I successfully trained and deployed a pipeline in Vertex AI using Kubeflow for a retrieval model, Two Towers.

Now I want to schedule this pipeline run every 8 minutes. Here's my code:

from kfp.v2.google.client import AIPlatformClient
api_client = AIPlatformClient(project_id='my-project', region='us-central1')

api_client.create_schedule_from_job_spec(
    job_spec_path='vacantes_pipeline.json',
    schedule="/8 * * * *", # every 8 minutes
    time_zone='America/Sao_Paulo',
    parameter_values={
        "epochs_": 5,
    "embed_length":768,  
        "maxsplit_" : 130
    }
)

The JSON is successfuly created, but the Scheduler Job fails immediately.

Logging tells me the httpRequest has an error 503 plus:

jsonPayload: {
@type: "type.googleapis.com/google.cloud.scheduler.logging.AttemptFinished"
jobName: "projects/my-project/locations/us-central1/jobs/pipeline_vacantes-pipeline-with-deployment_c7e98a8f_59-14-a-a-a"
status: "UNAVAILABLE"
targetType: "HTTP"
url: "https://us-central1-bogotatrabaja.cloudfunctions.net/templated_http_request-v1"
}

Any ideas on how to solve this issue ?

rubenszmm

I solved with Compute Engine and cron jobs.

View solution in original post

Roderick

Thanks so much for sharing! I am not a Vertex expert, but learning! Hoping others will weigh in, but this sounds like a permissions issue based on some other scenarios I've seen.
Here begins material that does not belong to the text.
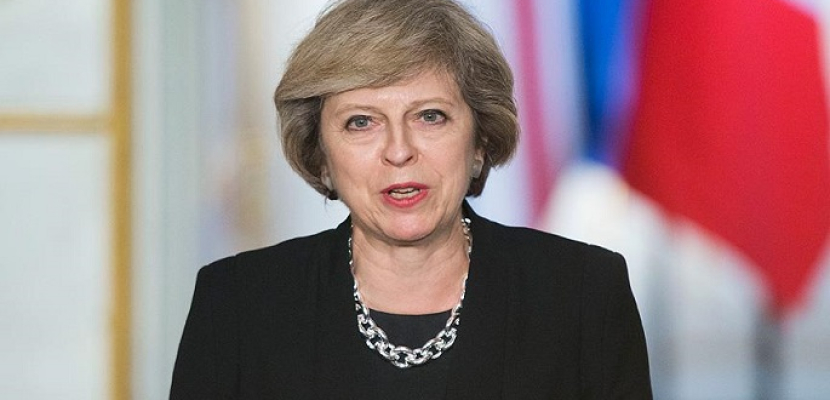 الحكومة البريطانية تتفق على اتخاذ إجراء ضد سوريا بالتنسيق مع أمريكا وفرنسا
Here are some ideas on how to troubleshoot the issue of the Vertex AI Scheduler Job failing immediately with a 503 error:

Check the Cloud Logging logs. The Cloud Logging logs will provide more information about the error, such as the specific API that is failing and the error message. This information can be used to troubleshoot the issue.
Make sure that the Vertex AI API is enabled. The Vertex AI API must be enabled in the Google Cloud Platform Console before it can be used. To enable the API, go to the APIs & Services page in the Console and search for Vertex AI. Click the Enable button to enable the API.
Make sure that the Vertex AI service account has the correct permissions. The Vertex AI service account must have the correct permissions to create and run Scheduler jobs. To grant the service account the necessary permissions, go to the IAM & Admin page in the Console and select the Service accounts tab. Click the name of the Vertex AI service account and then click the Edit button. In the Roles section, select the Cloud Scheduler Editor role.
Check the Vertex AI quota. The Vertex AI quota may be exceeded. To check the quota, go to the Quotas page in the Console and search for Vertex AI. The Quotas page will show the current usage and the available quota for each Vertex AI resource.
If you continue to experience issues, Contact Google Cloud support. If you have tried all of the above and you are still having trouble, you can contact Google Cloud support for help.

I hope this helps!

rubenszmm

I solved with Compute Engine and cron jobs.